For this exercise, repeat exactly the lines below starting at the line holding "Silver Centurion iPhone" and ending at the line holding "coloring page, Elmo", both included, with no extra lines and no pictures.

__Extracted records__
---

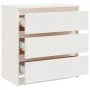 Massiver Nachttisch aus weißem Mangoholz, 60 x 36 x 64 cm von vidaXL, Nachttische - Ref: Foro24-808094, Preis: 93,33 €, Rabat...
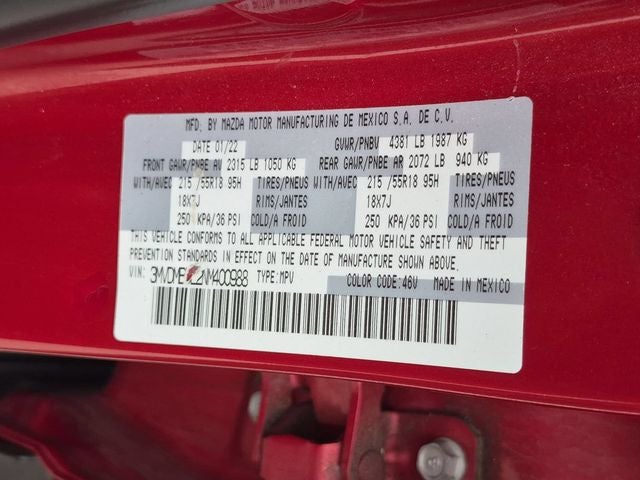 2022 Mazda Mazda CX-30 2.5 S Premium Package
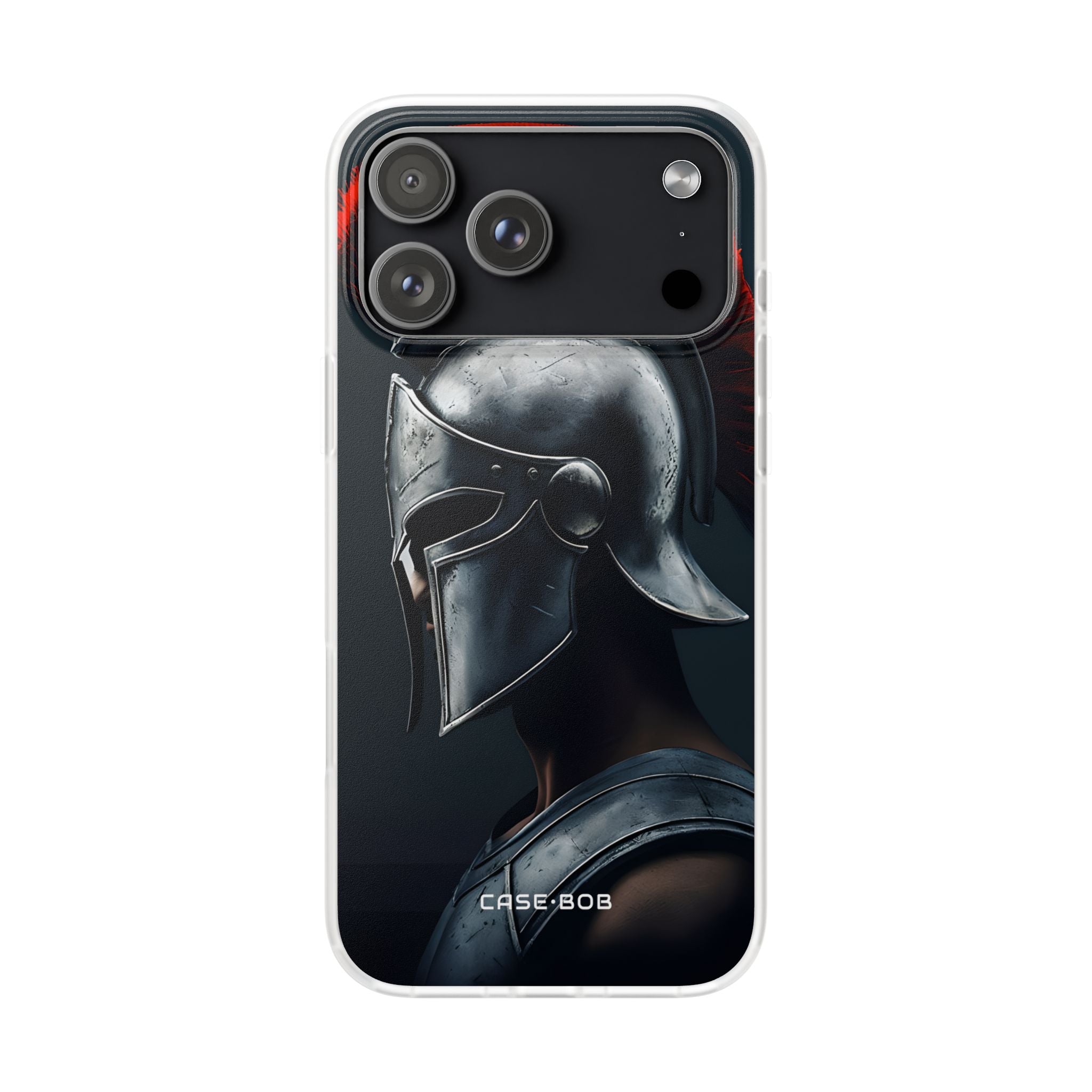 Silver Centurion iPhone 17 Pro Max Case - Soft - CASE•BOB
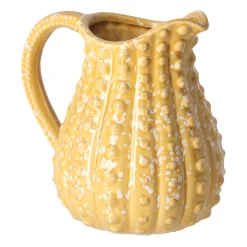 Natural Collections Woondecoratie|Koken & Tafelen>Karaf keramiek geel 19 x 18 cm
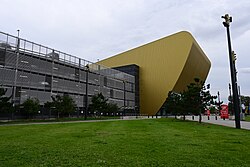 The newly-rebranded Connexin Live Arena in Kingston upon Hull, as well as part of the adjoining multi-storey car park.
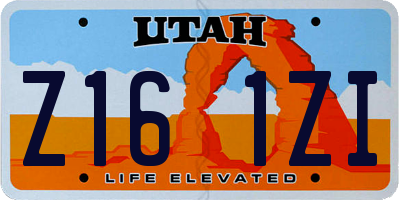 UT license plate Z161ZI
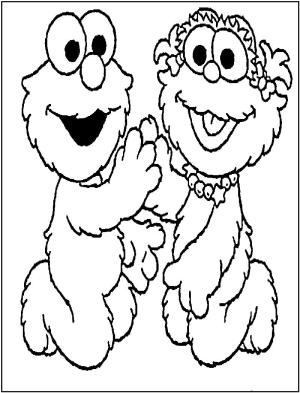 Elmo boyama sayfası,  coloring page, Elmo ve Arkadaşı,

---

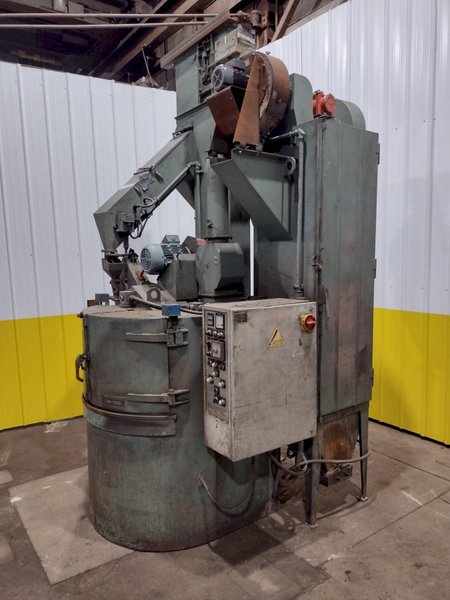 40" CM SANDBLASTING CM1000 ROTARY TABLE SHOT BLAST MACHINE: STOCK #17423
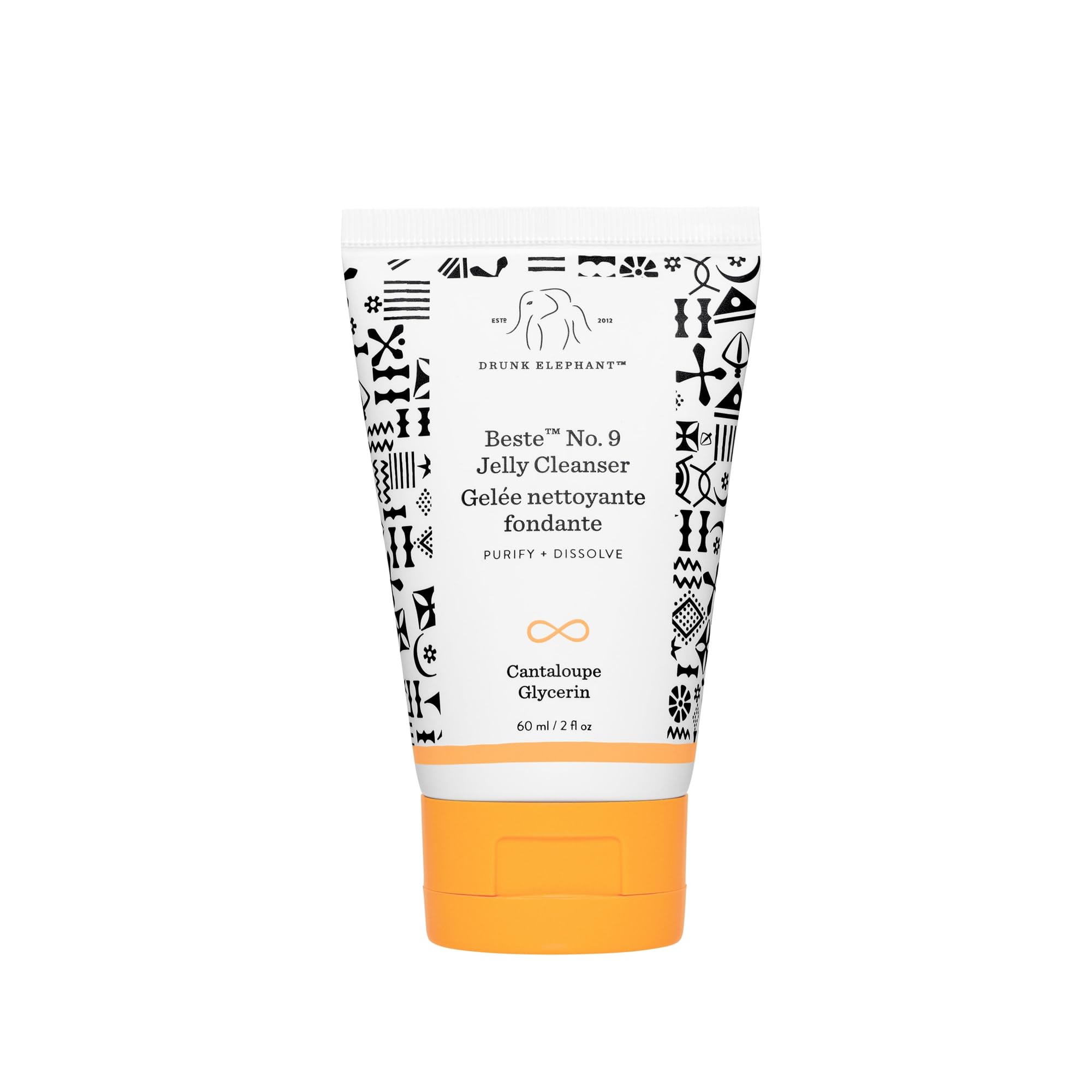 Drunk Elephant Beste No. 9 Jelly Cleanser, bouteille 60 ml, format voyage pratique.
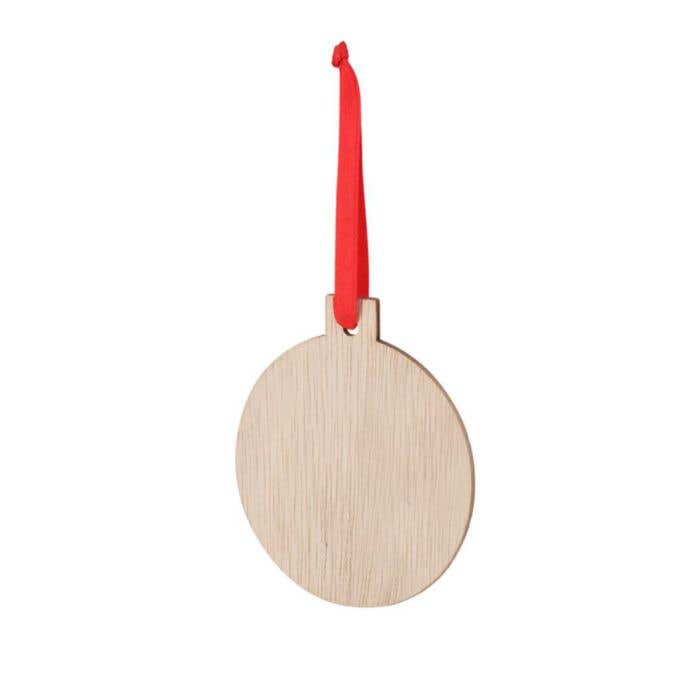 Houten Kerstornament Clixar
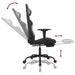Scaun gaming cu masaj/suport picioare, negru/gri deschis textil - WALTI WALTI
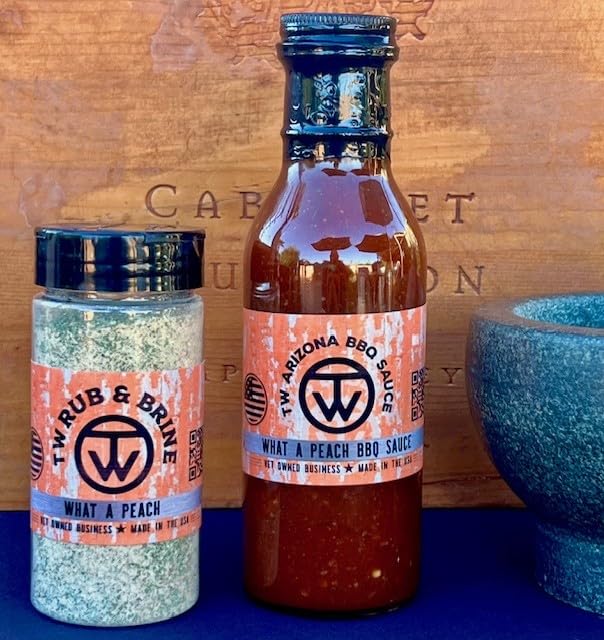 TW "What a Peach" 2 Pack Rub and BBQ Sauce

---

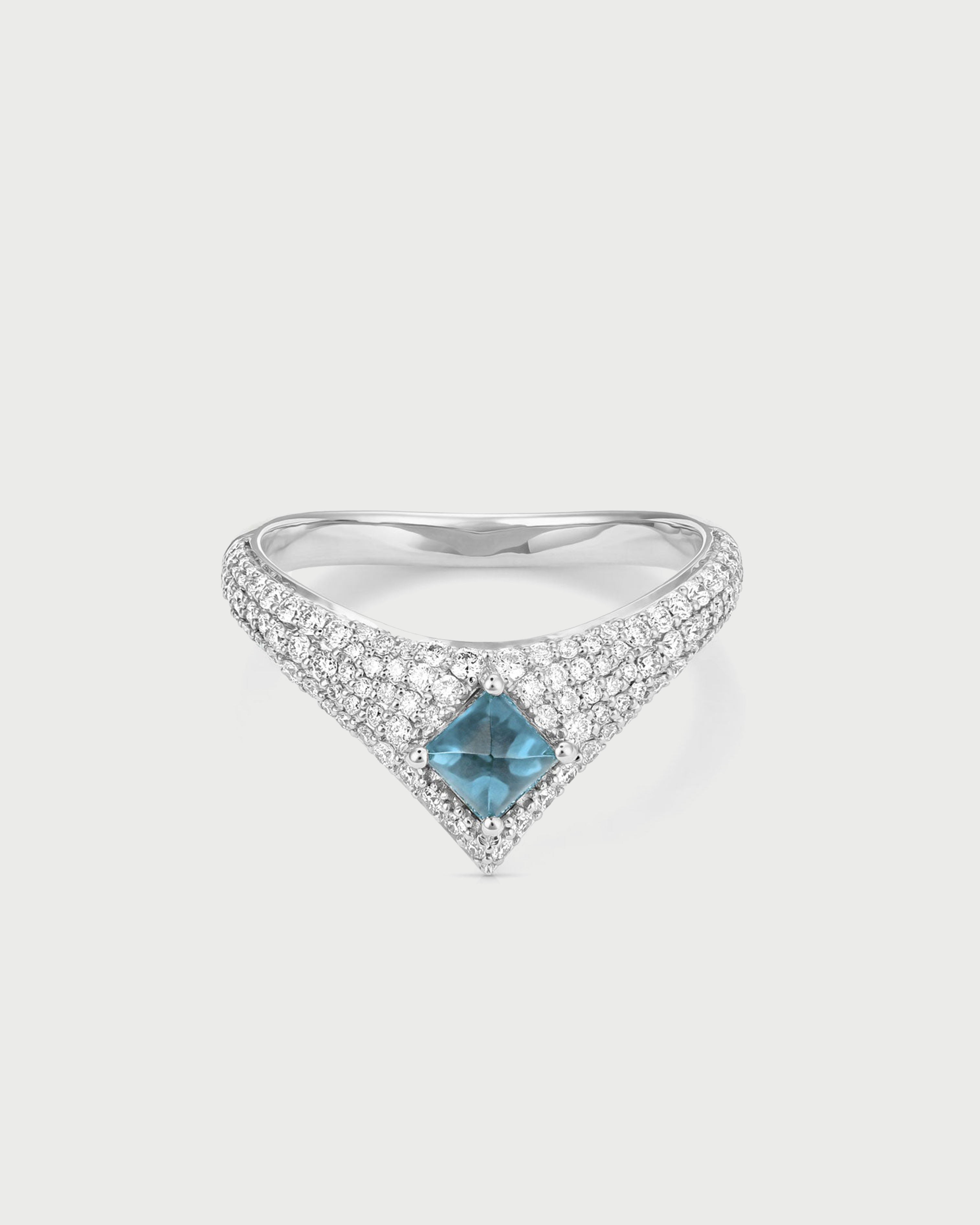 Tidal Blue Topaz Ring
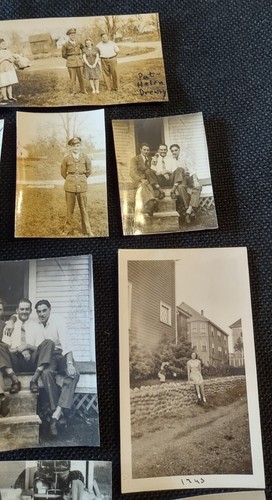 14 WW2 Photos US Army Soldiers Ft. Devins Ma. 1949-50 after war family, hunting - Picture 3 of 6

---

__Problem solution__
 Silver Centurion iPhone 17 Pro Max Case - Soft - CASE•BOB
 Natural Collections Woondecoratie|Koken & Tafelen>Karaf keramiek geel 19 x 18 cm
 The newly-rebranded Connexin Live Arena in Kingston upon Hull, as well as part of the adjoining multi-storey car park.
 UT license plate Z161ZI
 Elmo boyama sayfası,  coloring page, Elmo ve Arkadaşı,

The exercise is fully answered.